Nobel Prize, Randomized Controlled Trials, and Poverty

There are two great things about the 2019 Nobel Prize for Economics that went to Abhijit Banerjee, Esther Duflo, and Michael Kremer. The first is the focus on poverty, which for some reason is rare for the Prize. The second is that one of the winners is a woman – Esther Duflo – which is only the second time that’s happened in the history of the prize.

Having said that, there are a few things that worry me about this prize. The three won for their work on adapting Randomized Controlled Trials (RCT) to development interventions. You know, the type of experiment scientists use to figure out which new drugs might treat diseases. You have a control group that gets a placebo, and the treatment group that gets the drug you’re testing, at least in its most classic form. Except in this case the control and treatment groups are communities, or schools, or anywhere poor people are found.

The method is a powerful one for trying out ideas and generating data on what works better. The prize winners have tried it with immunization rates, microenterprise programs, refugee livelihoods, and a stack of other problems related to poverty. I recently participated in an RCT in West Africa, measuring the effects of a radio program on levels of political tolerance. For that radio show, it’s hard to imagine another method that would have produced convincing results.

It works great for drugs. What could go wrong applying it to social problems? Turns out quite a bit. A lot of ink has been spilled over this issue, so let me focus on the most concerning ones.

Service Delivery – RCT works best for micro-interventions or service delivery, that is, interventions dealing with a single problem like how to increase immunization rates or use of bed nets. For these purposes the method is powerful. For anything more profound though, the method ignores the wider structural issues that create poverty and keep people in it. The trend in recent years has been to see the systems that people rely on, and that often fail them. Understanding these complex systems has led us to understand that local efforts must be accompanied by regional interventions and connection with national or international policy to really change things. With RCTs, there is a risk of “individualizing” the problem of poverty. The onus is on individual behavior. If you just use a bed net, or if you just get your teachers to show up at school, then your problems would be solved. This Victorian view of poverty, which sees the individual character as the cause of poverty, ignores the systems that are so important to keeping people poor.

As 15 leading economists (including two other Nobel Prize winners) recently pointed out in The Guardian,

Handing out performance bonuses to teachers, for example, is an inadequate response to education budgets that have been slashed in order to pay down onerous external debts.

Water purification tablets are too little in the face of droughts induced by climate change; what is at stake is an ecological emergency that demands coordinated public policy strategies. In agriculture, real progress requires putting an end to the excessive subsidies paid by rich nations to large producers, regulating food commodity derivatives markets, and ending the land grabs that dispossess the small-scale farmers who play vital roles in feeding the world.

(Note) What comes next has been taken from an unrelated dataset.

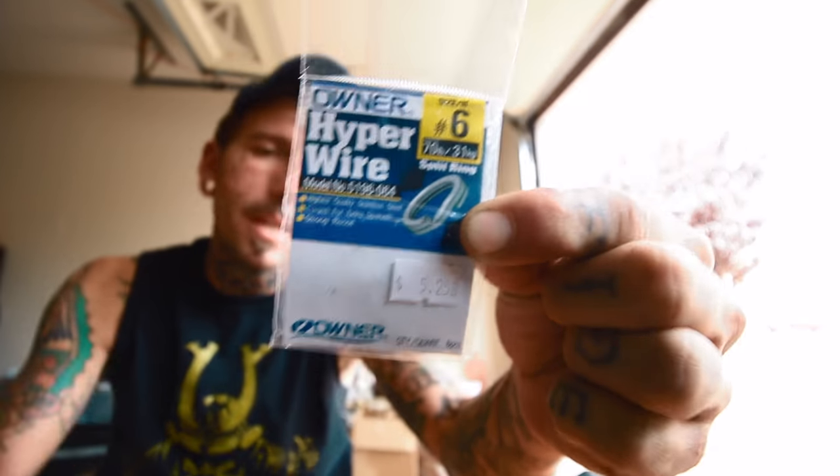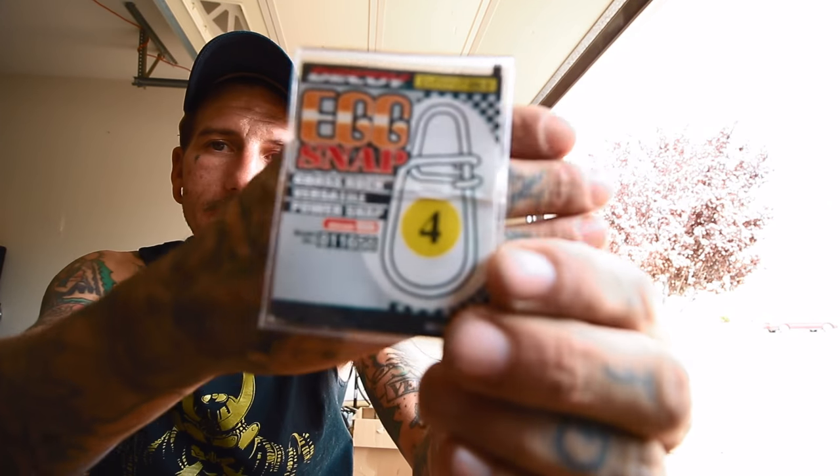My reason for using snaps is freedom of movement and an extra pivot point on the front of the bait — I like the glide it gives me. That's a quick overview. It really is personal preference. Owner Hyperwire splits number six, big baits number seven; Decoy Egg Snaps number four for small and medium baits; Decoy Egg Snaps number five for bigger glide baits like the Deps 250; soft baits tied direct. My advice: if you haven't tried both yet, try a snap and a split ring and see which action you like better, then go from there.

I get it, though, not all interventions have to take on the whole mess at once. Which would be fine, if the “randomistas” (as the more fervent evangelists have come to be known) didn’t pose RCT as the gold standard, the only method that reveals the Truth. In her 2010 Ted talk, Esther Duflo in fact suggests that without RCTs “we are not any better than the Medieval doctors and their leeches.”  Which would come as a surprise to all those astronomers, paleontologists, and other scientists who somehow find a way to do good science with RCTs.

Policy can’t be randomized – Because RCTs work best on discrete interventions, they really aren’t much help in policy change, which drives much of the change we work on. Poverty is a political phenomenon, and contested control over state policy and resources determines as much about people’s life chances as access to microloans or self-help workshops. Unfortunately, this contested terrain is a tough place to do RCTs, so they’re not much help there. There is stacks of great work these days on how to do and assess advocacy and policy change work that takes into account how social change really happens in a fundamental way. Getting better at doing RCTs should not deter us from pushing these approaches even farther.

Cost – RCTs work best when there is a lot of data, to cover over the inevitable differences across individuals and groups. Leaving aside the issue for a moment of whether you can really find “control groups” across large numbers of people, the result is that interventions tend to be large and expensive. Which would be fine if they actually solved the root causes of poverty in key areas, but they don’t. So the risk of donors pivoting scarce resources from the messy and long term work of building social power and bringing about policy change to the flashy results provided by RCTs is a concern. Given the trends to improving “aid effectiveness,” there is a danger that short term results will take precedence over long term effectiveness.

So congratulations to the three winners, and hats off to them for innovating in what is often a moribund space. Let’s keep in mind that RCTs are one tool among many, better suited for some purposes than others. And let’s keep figuring out how to bring about the fundamental social change that so many of us are working for, using these tools and the many others that we have in our tool kits.